§ PROBLEM:
Using the data below, restate exactly every line from the one with "apartment em Avenida" up to and including the one with "3rd image of 6721 Lake View Ct". No picture belongs in it.

§ DATA FOR THIS TASK:
+ + + +

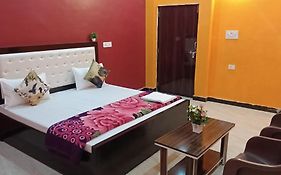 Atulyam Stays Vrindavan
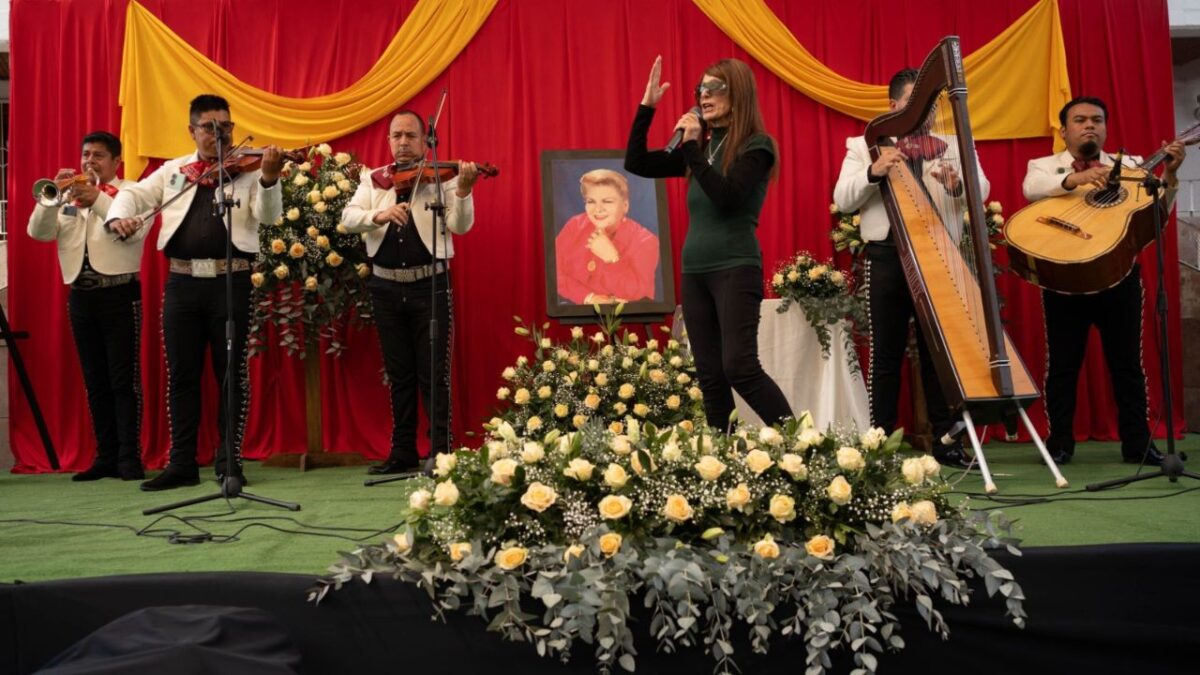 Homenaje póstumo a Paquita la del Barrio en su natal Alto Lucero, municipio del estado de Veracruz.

+ + + +

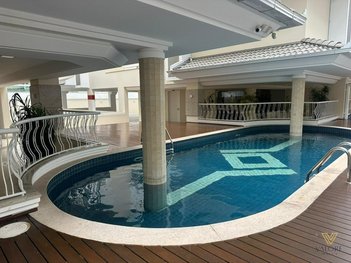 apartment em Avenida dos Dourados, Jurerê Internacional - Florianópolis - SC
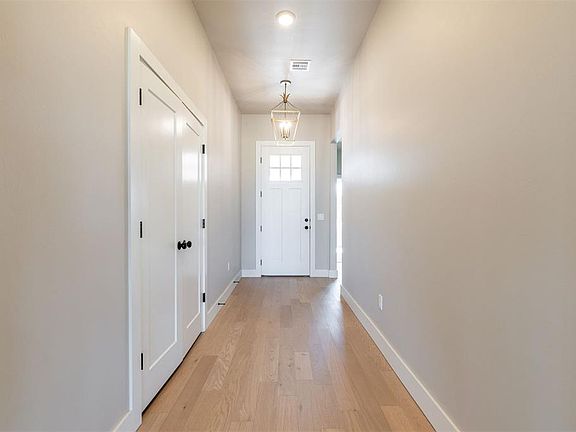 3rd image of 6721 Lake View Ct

+ + + +

§ SOLUTION BELOW:
 apartment em Avenida dos Dourados, Jurerê Internacional - Florianópolis - SC
 3rd image of 6721 Lake View Ct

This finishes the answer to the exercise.